> [HOW TO COMPLETE THIS TASK]
Everything from the first line of the records to the line containing "NFL New York", inclusive, is to be extracted exactly, and nothing more.

> [ENTRIES PROVIDED]
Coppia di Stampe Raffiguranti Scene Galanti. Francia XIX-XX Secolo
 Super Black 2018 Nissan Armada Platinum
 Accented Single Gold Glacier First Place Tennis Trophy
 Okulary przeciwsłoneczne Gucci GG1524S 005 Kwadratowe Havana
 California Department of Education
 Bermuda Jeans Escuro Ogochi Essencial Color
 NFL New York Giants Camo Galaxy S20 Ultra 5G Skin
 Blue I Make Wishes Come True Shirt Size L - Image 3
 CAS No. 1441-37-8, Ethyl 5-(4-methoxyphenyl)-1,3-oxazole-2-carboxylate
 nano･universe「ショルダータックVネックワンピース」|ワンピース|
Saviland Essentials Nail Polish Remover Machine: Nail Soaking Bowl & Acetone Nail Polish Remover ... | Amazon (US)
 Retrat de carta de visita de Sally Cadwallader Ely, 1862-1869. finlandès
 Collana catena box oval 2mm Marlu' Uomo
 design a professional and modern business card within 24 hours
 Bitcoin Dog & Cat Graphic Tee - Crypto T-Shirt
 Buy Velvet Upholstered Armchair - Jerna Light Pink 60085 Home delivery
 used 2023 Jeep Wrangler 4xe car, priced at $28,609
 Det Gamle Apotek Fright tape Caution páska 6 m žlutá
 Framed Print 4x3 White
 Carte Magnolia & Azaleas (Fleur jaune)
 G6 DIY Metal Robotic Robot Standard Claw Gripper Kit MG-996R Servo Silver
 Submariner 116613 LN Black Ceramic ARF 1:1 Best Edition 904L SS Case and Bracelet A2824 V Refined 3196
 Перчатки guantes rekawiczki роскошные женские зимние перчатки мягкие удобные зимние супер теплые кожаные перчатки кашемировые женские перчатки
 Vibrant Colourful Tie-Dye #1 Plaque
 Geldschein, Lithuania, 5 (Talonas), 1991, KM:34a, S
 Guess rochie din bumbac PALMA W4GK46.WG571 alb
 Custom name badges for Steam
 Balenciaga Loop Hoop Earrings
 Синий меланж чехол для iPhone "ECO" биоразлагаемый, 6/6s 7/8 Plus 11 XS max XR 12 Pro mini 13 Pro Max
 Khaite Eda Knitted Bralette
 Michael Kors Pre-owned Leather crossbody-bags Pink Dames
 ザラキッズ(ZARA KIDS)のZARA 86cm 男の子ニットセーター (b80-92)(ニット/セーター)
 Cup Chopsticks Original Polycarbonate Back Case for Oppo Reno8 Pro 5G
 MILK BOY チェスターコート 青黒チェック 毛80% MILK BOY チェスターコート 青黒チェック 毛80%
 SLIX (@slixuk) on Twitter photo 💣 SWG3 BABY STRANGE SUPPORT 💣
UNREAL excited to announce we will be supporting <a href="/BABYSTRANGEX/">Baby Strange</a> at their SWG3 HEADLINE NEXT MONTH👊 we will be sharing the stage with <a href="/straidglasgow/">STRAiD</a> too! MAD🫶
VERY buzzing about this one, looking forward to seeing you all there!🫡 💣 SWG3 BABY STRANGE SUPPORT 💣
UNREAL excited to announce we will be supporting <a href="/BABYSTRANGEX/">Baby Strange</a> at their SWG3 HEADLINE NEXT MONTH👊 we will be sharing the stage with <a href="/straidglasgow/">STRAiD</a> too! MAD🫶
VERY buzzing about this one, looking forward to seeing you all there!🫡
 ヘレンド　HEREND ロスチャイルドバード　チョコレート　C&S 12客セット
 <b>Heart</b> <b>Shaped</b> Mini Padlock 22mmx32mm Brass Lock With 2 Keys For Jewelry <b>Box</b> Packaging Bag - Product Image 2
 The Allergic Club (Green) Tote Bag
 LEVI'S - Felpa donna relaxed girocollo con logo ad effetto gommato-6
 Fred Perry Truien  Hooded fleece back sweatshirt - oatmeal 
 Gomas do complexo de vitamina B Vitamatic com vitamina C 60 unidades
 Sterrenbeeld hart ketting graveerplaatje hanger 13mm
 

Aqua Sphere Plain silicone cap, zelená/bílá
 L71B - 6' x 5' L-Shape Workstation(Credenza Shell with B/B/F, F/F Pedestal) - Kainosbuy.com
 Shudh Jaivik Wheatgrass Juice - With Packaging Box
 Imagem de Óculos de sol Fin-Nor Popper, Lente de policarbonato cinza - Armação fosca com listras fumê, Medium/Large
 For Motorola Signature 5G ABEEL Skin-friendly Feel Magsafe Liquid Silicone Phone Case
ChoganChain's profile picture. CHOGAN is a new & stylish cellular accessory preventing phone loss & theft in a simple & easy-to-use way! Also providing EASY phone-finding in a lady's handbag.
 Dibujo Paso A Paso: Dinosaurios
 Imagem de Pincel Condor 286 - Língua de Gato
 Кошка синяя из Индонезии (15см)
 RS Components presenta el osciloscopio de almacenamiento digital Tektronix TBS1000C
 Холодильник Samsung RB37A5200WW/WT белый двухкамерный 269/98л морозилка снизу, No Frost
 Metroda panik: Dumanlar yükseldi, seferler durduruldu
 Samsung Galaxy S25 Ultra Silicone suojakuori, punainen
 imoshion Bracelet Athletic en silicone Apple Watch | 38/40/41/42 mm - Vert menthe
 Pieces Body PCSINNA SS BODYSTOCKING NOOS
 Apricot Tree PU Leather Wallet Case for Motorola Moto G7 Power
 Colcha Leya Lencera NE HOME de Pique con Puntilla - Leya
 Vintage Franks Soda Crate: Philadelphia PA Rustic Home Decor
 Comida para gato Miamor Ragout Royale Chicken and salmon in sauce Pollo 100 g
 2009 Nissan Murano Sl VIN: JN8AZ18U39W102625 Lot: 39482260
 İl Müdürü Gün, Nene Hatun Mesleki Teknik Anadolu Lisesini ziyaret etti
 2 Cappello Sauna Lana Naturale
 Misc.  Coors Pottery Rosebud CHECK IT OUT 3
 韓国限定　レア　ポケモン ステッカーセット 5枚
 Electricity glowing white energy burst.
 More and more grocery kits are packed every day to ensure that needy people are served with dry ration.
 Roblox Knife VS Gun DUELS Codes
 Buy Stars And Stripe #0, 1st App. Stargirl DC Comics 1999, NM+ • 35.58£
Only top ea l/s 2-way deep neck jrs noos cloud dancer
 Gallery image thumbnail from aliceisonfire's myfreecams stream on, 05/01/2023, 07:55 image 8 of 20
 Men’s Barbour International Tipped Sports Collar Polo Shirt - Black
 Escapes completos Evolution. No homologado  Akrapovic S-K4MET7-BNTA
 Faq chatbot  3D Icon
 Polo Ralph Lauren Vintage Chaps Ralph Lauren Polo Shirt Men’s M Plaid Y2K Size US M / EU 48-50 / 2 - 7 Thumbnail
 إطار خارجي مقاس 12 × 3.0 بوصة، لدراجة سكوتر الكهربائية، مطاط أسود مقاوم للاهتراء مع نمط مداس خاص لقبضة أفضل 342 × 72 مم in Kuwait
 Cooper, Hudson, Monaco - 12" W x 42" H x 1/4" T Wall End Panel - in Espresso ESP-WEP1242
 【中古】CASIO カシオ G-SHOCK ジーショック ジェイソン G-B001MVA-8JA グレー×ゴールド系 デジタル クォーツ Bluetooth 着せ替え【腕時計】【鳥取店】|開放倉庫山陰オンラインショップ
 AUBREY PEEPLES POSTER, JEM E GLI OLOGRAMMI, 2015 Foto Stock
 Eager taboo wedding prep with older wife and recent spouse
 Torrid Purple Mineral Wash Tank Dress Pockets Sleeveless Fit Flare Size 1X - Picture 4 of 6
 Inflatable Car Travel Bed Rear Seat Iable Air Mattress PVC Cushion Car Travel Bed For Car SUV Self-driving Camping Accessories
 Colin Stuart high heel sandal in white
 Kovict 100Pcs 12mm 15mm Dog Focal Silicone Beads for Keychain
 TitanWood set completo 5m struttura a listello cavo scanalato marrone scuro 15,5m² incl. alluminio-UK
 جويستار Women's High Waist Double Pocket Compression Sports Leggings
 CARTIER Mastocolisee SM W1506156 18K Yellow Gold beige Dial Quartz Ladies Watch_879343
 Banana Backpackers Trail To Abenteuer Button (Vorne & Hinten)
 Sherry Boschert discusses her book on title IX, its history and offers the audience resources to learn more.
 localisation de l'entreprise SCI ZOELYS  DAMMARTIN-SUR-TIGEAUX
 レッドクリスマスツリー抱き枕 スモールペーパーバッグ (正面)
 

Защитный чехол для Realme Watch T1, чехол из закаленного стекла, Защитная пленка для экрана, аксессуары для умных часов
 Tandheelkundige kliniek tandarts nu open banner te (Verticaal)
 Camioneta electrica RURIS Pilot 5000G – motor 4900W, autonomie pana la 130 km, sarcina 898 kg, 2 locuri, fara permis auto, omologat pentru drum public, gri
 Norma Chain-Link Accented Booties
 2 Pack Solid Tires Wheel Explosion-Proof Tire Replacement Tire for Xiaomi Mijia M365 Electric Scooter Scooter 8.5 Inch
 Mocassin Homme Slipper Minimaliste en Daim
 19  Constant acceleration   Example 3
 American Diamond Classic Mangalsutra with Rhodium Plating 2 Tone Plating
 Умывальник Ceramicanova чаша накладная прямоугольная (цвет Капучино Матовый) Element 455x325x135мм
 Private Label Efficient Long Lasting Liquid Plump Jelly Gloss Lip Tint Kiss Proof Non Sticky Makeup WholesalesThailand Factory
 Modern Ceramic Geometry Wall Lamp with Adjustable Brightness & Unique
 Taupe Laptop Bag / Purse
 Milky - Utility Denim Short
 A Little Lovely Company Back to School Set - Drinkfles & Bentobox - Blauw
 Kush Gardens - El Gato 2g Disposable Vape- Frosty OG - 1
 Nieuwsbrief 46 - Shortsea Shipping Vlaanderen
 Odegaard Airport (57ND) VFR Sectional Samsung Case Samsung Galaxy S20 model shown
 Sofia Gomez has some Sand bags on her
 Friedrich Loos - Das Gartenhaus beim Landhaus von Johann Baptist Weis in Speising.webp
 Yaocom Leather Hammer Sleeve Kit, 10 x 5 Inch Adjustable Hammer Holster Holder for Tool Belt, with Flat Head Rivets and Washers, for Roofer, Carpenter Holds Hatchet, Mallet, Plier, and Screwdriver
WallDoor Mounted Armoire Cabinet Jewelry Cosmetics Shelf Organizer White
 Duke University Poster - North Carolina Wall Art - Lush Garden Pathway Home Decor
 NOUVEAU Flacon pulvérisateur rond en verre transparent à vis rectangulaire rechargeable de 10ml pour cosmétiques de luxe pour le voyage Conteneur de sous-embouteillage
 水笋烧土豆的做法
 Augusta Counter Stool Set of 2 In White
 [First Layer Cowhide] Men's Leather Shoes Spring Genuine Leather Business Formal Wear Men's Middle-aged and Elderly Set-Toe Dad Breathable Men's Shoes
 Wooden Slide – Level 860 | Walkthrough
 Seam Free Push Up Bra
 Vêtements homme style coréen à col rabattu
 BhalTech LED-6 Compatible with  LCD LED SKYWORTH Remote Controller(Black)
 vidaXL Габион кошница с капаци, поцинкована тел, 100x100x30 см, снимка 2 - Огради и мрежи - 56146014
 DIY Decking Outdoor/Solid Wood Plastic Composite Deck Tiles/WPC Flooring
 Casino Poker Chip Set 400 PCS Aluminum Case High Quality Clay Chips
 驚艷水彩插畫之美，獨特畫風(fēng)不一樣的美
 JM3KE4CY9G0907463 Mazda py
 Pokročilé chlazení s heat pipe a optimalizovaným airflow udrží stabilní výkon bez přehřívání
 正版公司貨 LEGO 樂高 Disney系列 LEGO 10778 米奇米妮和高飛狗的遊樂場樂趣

> [RESPONSE AREA]
Coppia di Stampe Raffiguranti Scene Galanti. Francia XIX-XX Secolo
 Super Black 2018 Nissan Armada Platinum
 Accented Single Gold Glacier First Place Tennis Trophy
 Okulary przeciwsłoneczne Gucci GG1524S 005 Kwadratowe Havana
 California Department of Education
 Bermuda Jeans Escuro Ogochi Essencial Color
 NFL New York Giants Camo Galaxy S20 Ultra 5G Skin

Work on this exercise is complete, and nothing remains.